Are CNN and Fox News Really Biased? A Machine Learning Study.

Dhruv Mangtani
The Startup
Published in
5 min readJul 22, 2020

--

According to statistics, the answer is no, and here’s why.

About a year ago, I was scrolling through Twitter and reading some replies to a CNN tweet. As you would expect, it was full of people referring to the media conglomerate as “fake news” and pointing out details in the way CNN chose to frame that specific story. And to some extent, you really can’t dismiss their claims. Perhaps Fox News, CNN, and the “mainstream media” don’t purposefully publish outright fake information, but that isn’t a great standard to hold them at. When millions of Americans vote based on what they read online, the media is partially responsible for popular representation in our democracy. When exaggeratory clickbait drives the headlines of even the most prestigious news organizations (e.g. the New York Times), we are right to tweet back at them.

So this begs the question: are CNN and Fox News lying to me when they say an article is not an editorial/op-ed? Who can I actually trust for reliable information, and through what medium?

A Look at the BLUFFNet Algorithm

Before I go into my results, I want to give you a sense of how they were created. At the core of any machine learning algorithm or statistical analysis is data, with the caveat that the data usually must be annotated. In Natural Language Processing terms, the machine learning task at hand is known as Subjectivity Analysis (similar to Sentiment Analysis): identifying sentences that represent the author’s opinion. Unfortunately, labelled news–article–specific data for this task is quite scarce; the best dataset I could find is the MPQA corpus, containing a total of ~11,000 sentences from 692 articles.

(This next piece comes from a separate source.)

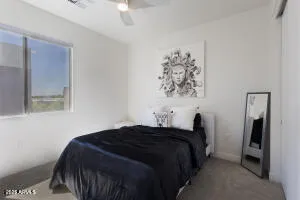 a bedroom with a bed and a walk in closet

These sentences are converted into vectors of numbers which are then fed into a machine learning model, a neural network. Neural networks have the benefit of being able to learn complex patterns from complex data types, namely natural language. The numbers in these vectors represent the grammatical structure of a sentence as well as identify relevant keywords such as “amazing”, “evil”, or “factual”. By creating patterns from the MPQA sentences with these vectors, we are well equipped to classify unseen sentences as subjective or objective.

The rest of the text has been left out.